Cerca de ese modelo de arquitectura, más sociológico que geométrico, está Andrés Jaque (Madrid, 1971). Fue al terminar la escuela cuando se dio cuenta de que «la arquitectura era una actividad política». Estuvo becado en Dresde cuando la ciudad se transformaba para equipararse con las ciudades de la Alemania del Oeste. Allí tomó conciencia de que la demolición de un edificio o el trazado de un camino era un tema de debate que no podía resolver ningún experto, porque no había un único criterio y porque la decisión afectaba de diferente manera a grupos también diferentes. Le ampliaron la beca y se dedicó a viajar en autobús: «Tenía tiempo para estar sin prisas en sitios como Addis Abeba, Zúrich, Sarajevo, Bruselas, Jerusalén o Gaza. De ese momento vino mi interés por explorar el papel que la arquitectura desempeña en la construcción de lo social».
Con ese pasado, no sorprende que el modus operandi de Jaque sea el trabajo de campo.

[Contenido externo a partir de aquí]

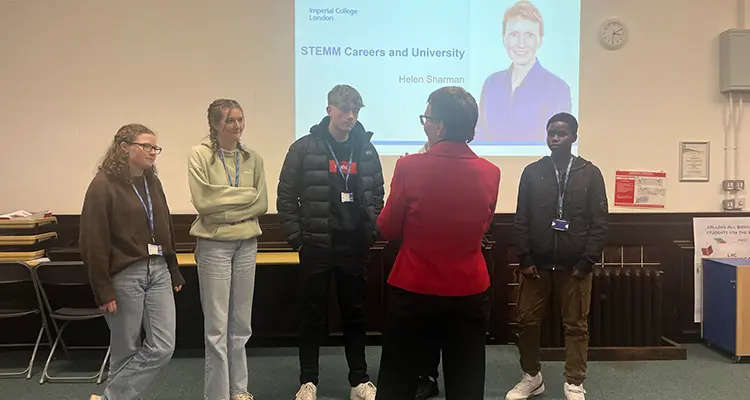 students talking to Helen Sharman in classroom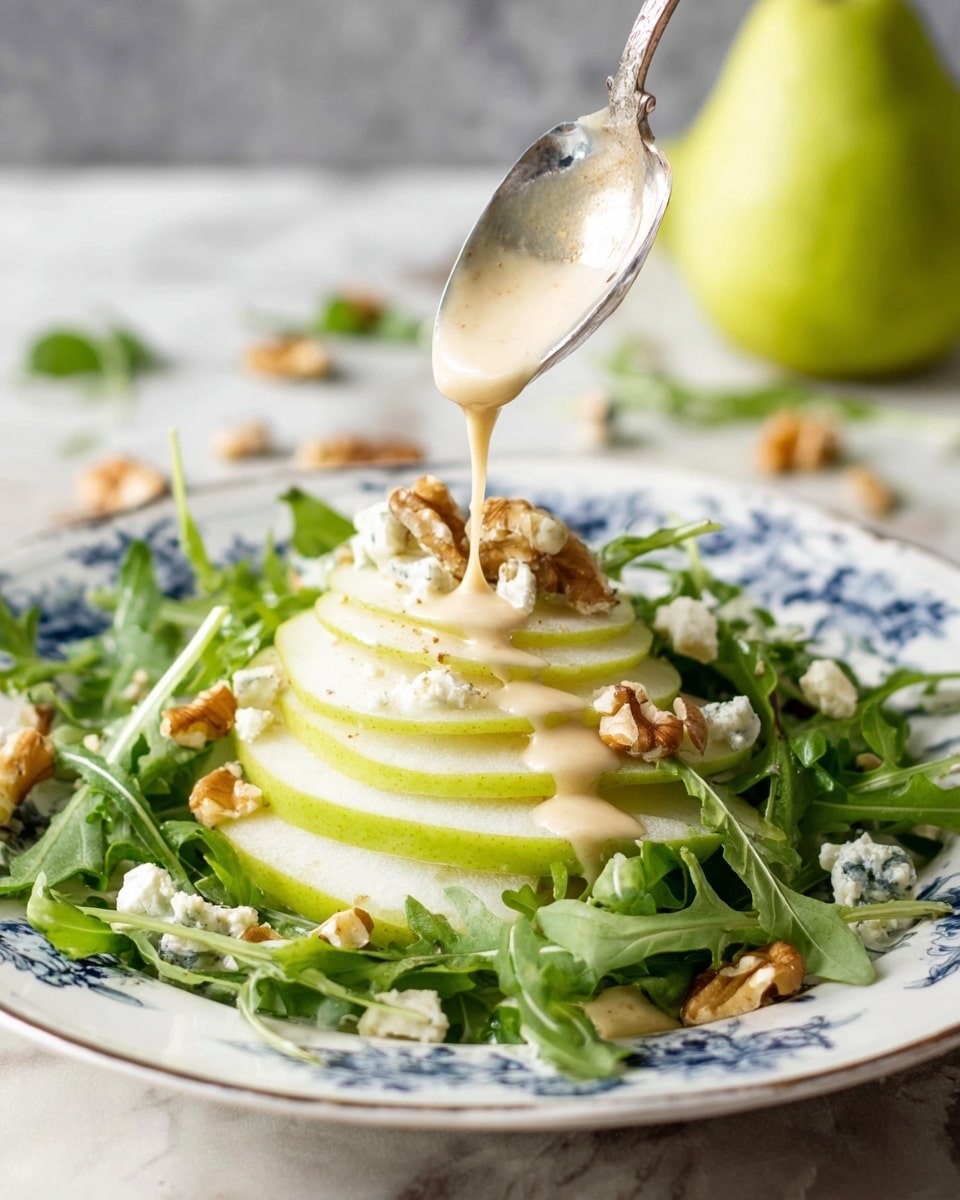A white plate with blue floral patterns holds a fresh salad with three main layers: the bottom green layer consists of loose arugula leaves with a slightly rough texture, the middle layer features two thin, translucent pear slices positioned in the center with pear skin on the edges, and the top layer is made up of scattered small chunks of creamy blue cheese and light brown walnut pieces. A silver fork rests on the left edge of the plate, partially on the salad. The plate is placed on a white marbled surface, with two whole green pears positioned above it. Photo taken with an iphone --ar 4:5 --v 7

Organiza reuniones con los afectados por un proyecto. Graba en vídeo las conversaciones y analiza qué papel desempeña el proyecto en las vidas de quienes discuten: «A partir de ahí lanzamos propuestas y vemos cómo sus argumentos evolucionan». Como fuente de ideas, Jaque cita el conocimiento anónimo que ha recibido de la gente a la que quiere. La forma de poner la mesa, regar las plantas, hacer la maleta… «Para mí, la arquitectura no son los edificios, sino cómo los soportes materiales, las plantas, los animales y los usuarios se relacionan entre ellos creando situaciones deseadas. Por eso me fascinan los dibujos de interiores de Lina Bo Bardi, las organizaciones de barrio de Cedric Price o el marketing demostrativo con el que Tupperware llevó los laboratorios a los interiores de las casas. Aboga por «domesticar y abrir la caja negra de los proyectos que comprometen los presupuestos de una comunidad al escrutinio de aquellos a los que no se les reconoce el estatus de expertos».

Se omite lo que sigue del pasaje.